I was able to take a chunk of time off last week to catch up on some gardening chores. I haven't finished it all (the back yard is still a gawdawful mess), but I did plant the rest of the veggie patch. I, of course, chose Tuesday, the hottest day of the week, as the day to plant out the corn, tomatoes, basil, cucumbers, squash (delicata and zucchetta), cucumbers and beans.
I also whacked back the over-growth of the white lilac (it's trained into a tree, rather than a bush), and looked at the poor, pathetic branches of the daphne bush and decided to whack it back to the ground. Its foliage had emerged early and then was frozen off, so there were long naked branches with tufts of two or three leaves at the end. A lot of new growth was coming from the bottom, so I decided that in the long run it would look better to just get rid of the scraggly growth.
I despair, however, on what the fuck I'm going to do with the climbing rose/sweet autumn clematis on the back trellis. I usually clean out the dead stuff in March, but it didn't get done this year, and the whole thing is a huge, tangled mess of dead clematis branches, new clematis growth, and thorny rose canes.
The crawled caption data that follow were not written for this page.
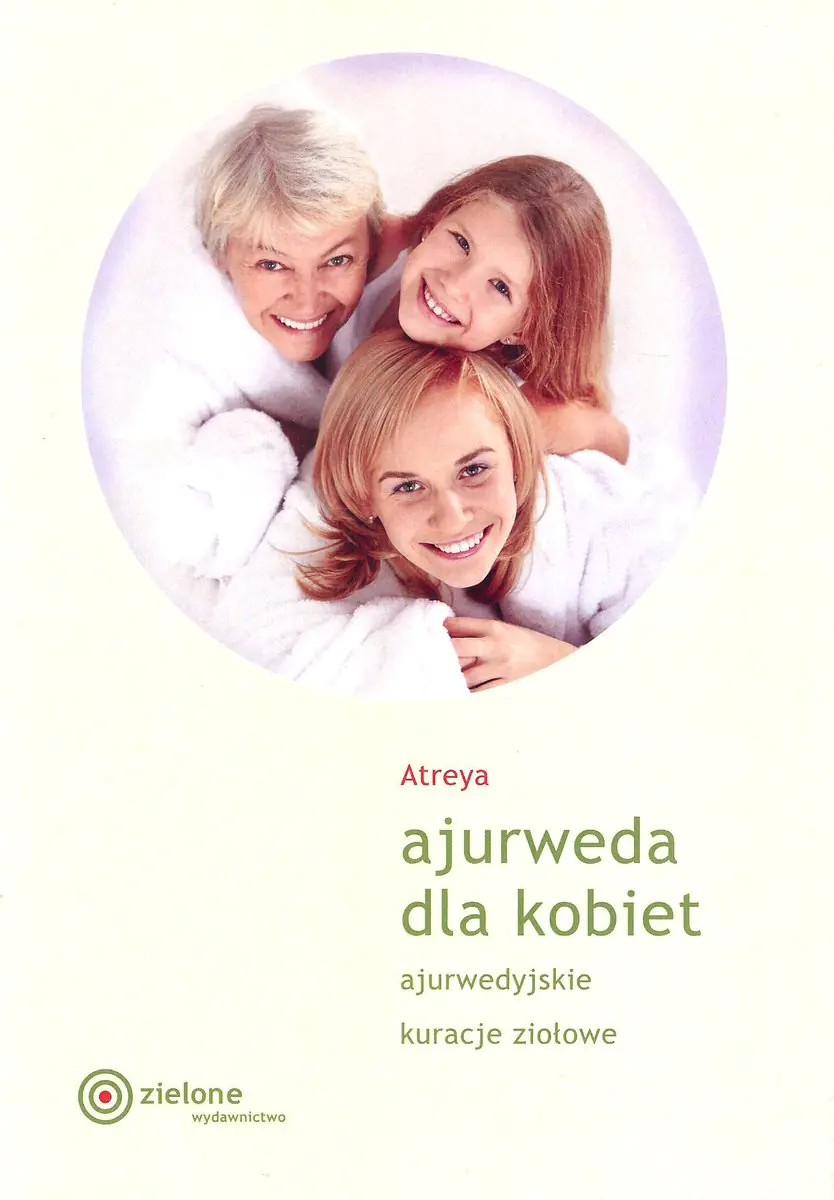 Książka - Ajurweda dla kobiet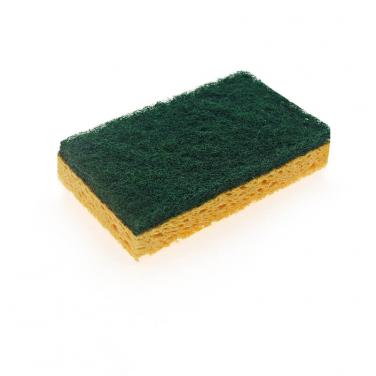 HD angled cellulose sponges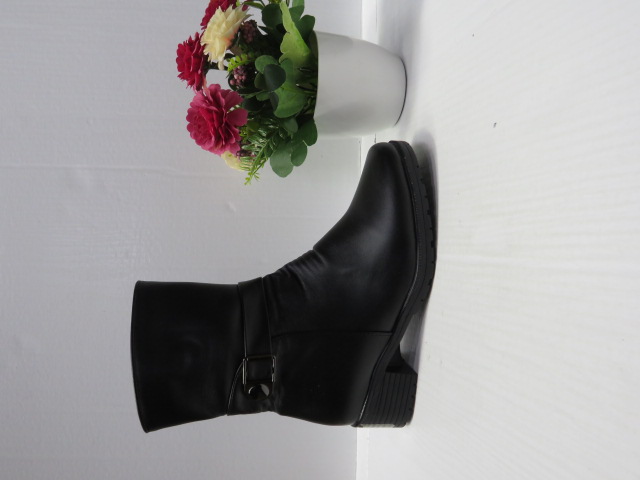 Botki Damskie B702 BLACK 37-42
I think I'll just whack it back to a place where I can get it lashed down to the trellis, and call it good for the year.
I also need to mow the lawn again, and then mix the new clippings and the last batch of clippings into the compost bin. I'll have help with that, though — last weekend I bought tickets for Star Trek for Elder Son and his buddy, in exchange for Elder Son assisting me with the compost.
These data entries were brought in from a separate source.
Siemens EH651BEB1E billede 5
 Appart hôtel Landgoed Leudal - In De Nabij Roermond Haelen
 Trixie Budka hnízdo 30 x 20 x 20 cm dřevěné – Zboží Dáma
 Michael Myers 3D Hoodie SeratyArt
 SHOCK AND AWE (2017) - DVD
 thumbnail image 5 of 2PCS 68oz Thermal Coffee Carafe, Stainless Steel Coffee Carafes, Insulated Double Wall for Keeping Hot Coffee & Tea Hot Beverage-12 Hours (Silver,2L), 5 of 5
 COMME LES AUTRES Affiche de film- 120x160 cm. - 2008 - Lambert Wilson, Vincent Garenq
The last event of the gardening week was yesterday — my "stay home ladybugs" and lacewings arrived and were released last night. I usually have a pretty good ladybug population, but I haven't seen many this year — perhaps they, too, emerged too early with our warm January and February and were frozen by the extreme cold of late March. I'm hoping between the lacewings, ladybugs and insecticidal soap I can get a handle on the spider mite infestations that have been growing over the last several years.
And since it is Memorial Day weekend, it's timely to finish up the memorial plantings. It was two years ago this weekend when I wrote about the Dadster, his final illness and his love of gladiolas. I haven't yet planted the majority of the Dadster's glads — I have dozens, both newly-purchased and some saved from last year — that will go into the ground over the next three or four weeks. As mentioned last week, we're adding fennel to our garden this year in memory of the Mister's brother. And in early April pale pink hyacinth bloom, planted to commemorate my friend MJ, who died of cancer on April 2, 2003.
The Mister told me the other day that it took him a while to get it, but now he really likes the idea of planting things here, at our home, to honor those who have gone before us. To me it makes more sense than placing flowers on a grave — I have constant, happy reminders of the people who are important to me, and the things they loved. When I go, I want my ashes scattered in a bed of hyacinth.
That's what's happening here; what's going in your gardens?